Men’s economic dependency only stresses them out when they hold ‘traditional’ gender attitudes

New research provides evidence that gender ideology might play an important role in the relationship between men’s economic dependence on their wives and allostatic load, a biomarker of chronic exposure to stress.

The study, which was published in the Journal of Marriage and Family, found that men who were financially dependent on their wives and who also had more traditional beliefs about gender roles tended to have higher allostatic loads.

“I wanted to include men in the discussion of gender equality.
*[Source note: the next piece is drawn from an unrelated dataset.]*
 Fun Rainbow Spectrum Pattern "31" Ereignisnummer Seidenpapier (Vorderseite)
Male breadwinning is one of the most rigid gender norms that shape men’s expectations, behaviors, and feelings,” said study author Joeun Kim, a doctoral candidate at Penn State.

The researchers examined data from 348 married or cohabiting heterosexual men who had participated in the Midlife in the United States study.
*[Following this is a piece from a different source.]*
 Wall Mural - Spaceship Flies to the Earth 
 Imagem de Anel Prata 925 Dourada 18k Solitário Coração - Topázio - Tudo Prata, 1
The study collected data on the men’s health, ideologies about gender, and income, among other things. Saliva, blood and urine samples were used to calculate the participants’ allostatic load.
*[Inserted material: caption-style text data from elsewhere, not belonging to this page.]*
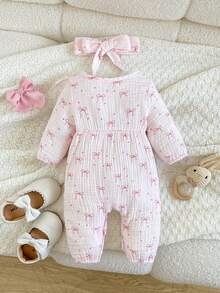 SHEIN Playful Pals Newborn Baby Girl Pink Heart & Bow Pattern Round Neck Long Sleeve Romper - Pink - View 2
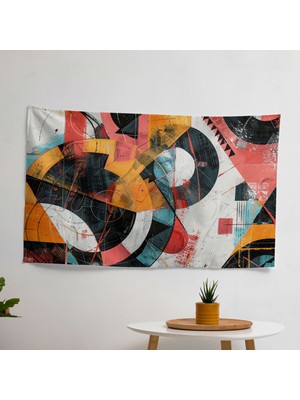 Geometrik Soyut Sanat Duvar Örtüsü - Canlı Renkler,  Pamuk Sırt, Süblimasyon Baskı, Hafif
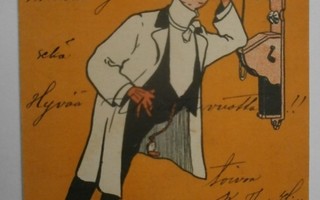 Carl Rögind: Juomatilaus telehvoonilla, p. 1903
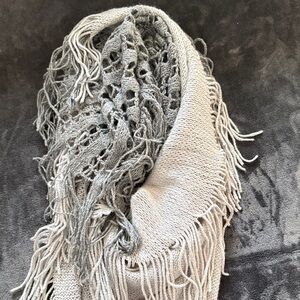 Gray and Cream Knit Fringe Scarf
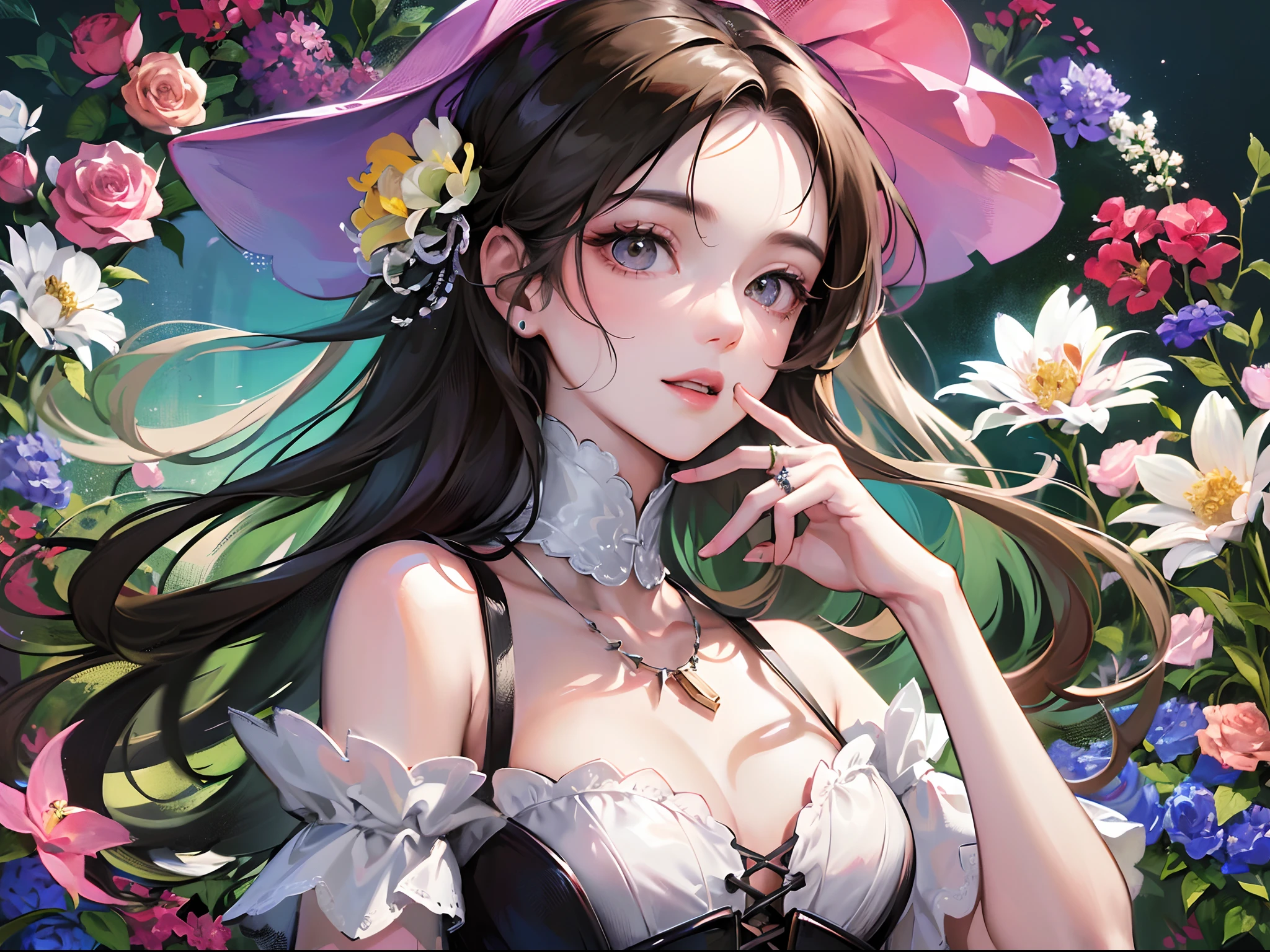 (Finest quality)),(超A high resolution),(ultra-detailliert),(Meticulous portrayal),((best pictures)),(Finest works of art),Ultra-Precision Art,The art of astounding depiction, Fashion art:1.5, Corset Dresses,耳Nipple Ring,a necklace,the ring,Surrounded by flowers,breezing,A slight smil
The researchers found that there was no general association between men having partners who make more money than they do and a higher allostatic load. But when the researchers took into account the men’s beliefs about gender roles, they found men who held more traditional views tended to have a higher allostatic load when they earned less than their wife.

In other words, economically dependent men who disagreed with statements such as “Men should equally share housework” and “Men should equally share child care” were more likely to suffer a higher allostatic load.

Economically dependent men who agreed with the egalitarian statements, on the other hand, tended to have lower levels of allostatic load than noneconomically dependent men.

“This study shows that egalitarian gender views could promote men’s health when men encounter atypical gender circumstances,” Kim told PsyPost.

“Debates over the shifting economic roles between men and women over the last few decades have ​mainly focused on conflicts between men and women. The findings of this study show that gender-flexible ideals (or non-gender essentialist ideals) could be beneficial for both men and women.”

But all research includes some limitations, and the current study is no exception.

“A large majority of our sample includes White middle-class men at midlife. Our findings may not hold among men with different racial or socioeconomic characteristics, different gender or sexual identities, or for younger cohorts, many of whom could hold varying expectations regarding male breadwinning responsibilities,” Kim explained.

“Throughout the paper, we were very cautious about the causal languages. Given the limitation of the data, we were unable to strictly identify causal relationships between men’s economic dependency, gender ideology, and allostatic load. We encourage future studies to address this methodological gap.”

The study, “Men’s Economic Dependency, Gender Ideology, and Stress at Midlife“, was authored by Joeun Kim and Nancy Luke.